Two researchers in the College of Arts and Sciences at Indiana University Bloomington are the recipients of a $457,000 National Science Foundation grant to lead a groundbreaking project that will make it easier to study how the German language has evolved over the past 900 years.
Christopher Sapp, Professor of Germanic Linguistics and Philology, and Rex Sprouse, Professor of Second Language Studies, are leading the project, the Indiana Parsed Corpus of Historical High German, which will create a 1.4-million-word collection of historical German texts, dating from 1050 to 1950, that can be analyzed for changes in grammar and word order over time.
This collection of texts—known as a corpus—will be freely available online for scholars, students, and language enthusiasts to explore. The texts range from chronicles and religious pamphlets, to travel narratives and literary works. And while many similar projects exist for other European languages, there is currently no such resource for High German, which includes central and southern dialects as well as modern Standard German. This project aims to fill that gap and open new possibilities for studying how the language has developed.

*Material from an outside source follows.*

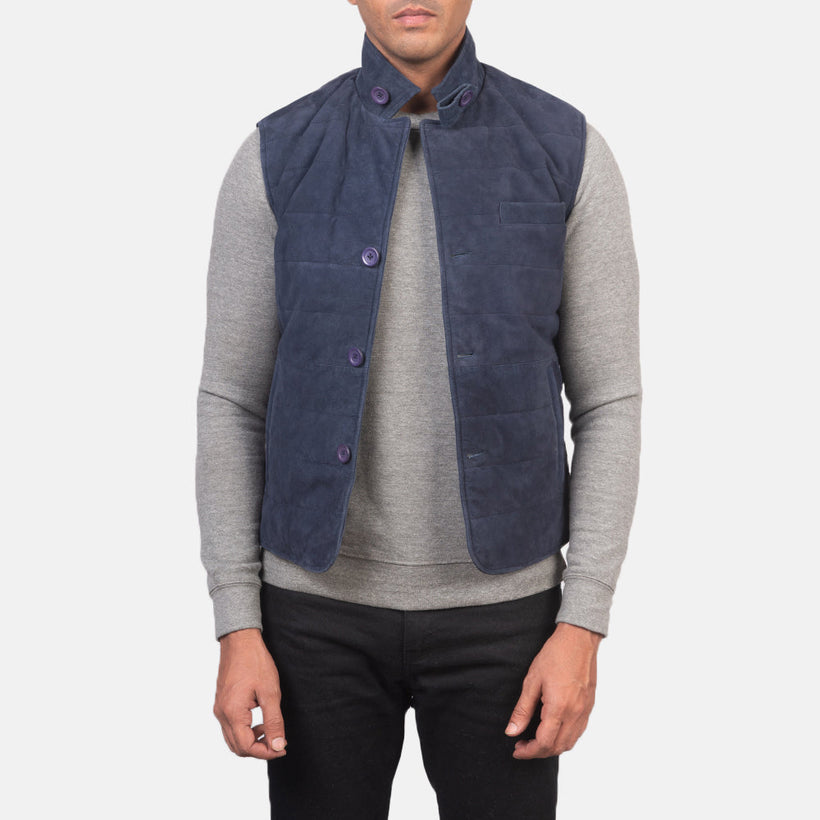 Tony Синий Suede Vest для Мужчин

Understanding language structure and why it matters
Studying how German sentence patterns have shifted from the Middle Ages to today can shed light on how languages evolve, revealing patterns of change that may apply to other languages like English or French. By understanding these shifts, researchers can trace how societal, cultural, and linguistic factors influence the way we communicate, which has implications for everything from language teaching to preserving linguistic diversity. This knowledge helps people appreciate the dynamic nature of language and how it connects to identity, history, and culture across time.
Linguistics, which is the scientific study of language, includes many branches that focus on different aspects of how languages are used and how they change. One of these branches is syntax, which looks at how words are arranged to form sentences, and how different parts of sentences relate to each other. The Indiana Parsed Corpus will provide an unprecedented opportunity to study how these sentence structures have changed in German over a nearly 1,000-year timeframe.
The texts in the corpus will be also annotated—that is, categorized and labeled—to show different grammatical features, such as the types of clauses, phrases, and the roles that different words play in sentences. This will help researchers explore how German sentence patterns have shifted from the Middle Ages to the modern day.
“Our hope is the Indiana Parsed Corpus of Historical High German will leave a lasting legacy in the study of Germanic linguistics,” said Professor Sapp. “By offering a detailed, accessible database of historical texts, the project will provide scholars with a resource that will fuel research and new insights for years to come. This is a significant step forward for anyone interested in the history of the German language, its dialects, its relationships to neighboring languages, and how languages evolve over time.”
Building the corpus
The project team has selected 165 texts from the central and southern German-speaking regions and developed a computer program to create basic sentence structures. However, computers can’t fully capture all the nuances of language. Therefore, the research team—comprising the professors, postdoctoral scholar Elliott Evans (Ph.D. 2019), researcher Daniel Dakota (Ph.D. 2018), and College graduate students—will spend the next phase of the project manually checking and correcting each sentence to make sure everything is accurate.
This process of correction and review is essential because it ensures the reliability of the data for anyone who uses it in future research. As the texts are reviewed and corrected, the corpus is released in batches on the project’s website, along with tools that allow users to search the texts and visualize the data. To date, 55 of the texts are completely annotated and published to the website.
Another key goal of the Indiana Parsed Corpus of Historical High German is to make it easier for a wide range of people—including students and researchers with limited resources—to access and study the history of the German language.
The corpus will also help train the next generation of linguists. The project team includes a postdoctoral researcher and several graduate students who are gaining hands-on experience in language research, annotation, and leadership. Additionally, the project will host a summer Research Experience for Undergraduates, giving younger students in the College the opportunity to get involved in research.
Public Engagement and Impacts
The project will feature outreach efforts that focus on local German high school teachers. The research team will offer workshops to help teachers create lessons using the tools developed for the corpus. These lessons will introduce high school students to the ways linguists study language change, and how they can use digital tools to explore language history.
Beyond its academic significance, this project will also help demystify the study of language for the general public. The research team plans to give public talks about the project, where they will discuss how technology is used to study historical languages and why understanding language change is important. By sharing their tools and findings, they hope to spark greater public interest in both the German language and the broader field of linguistics.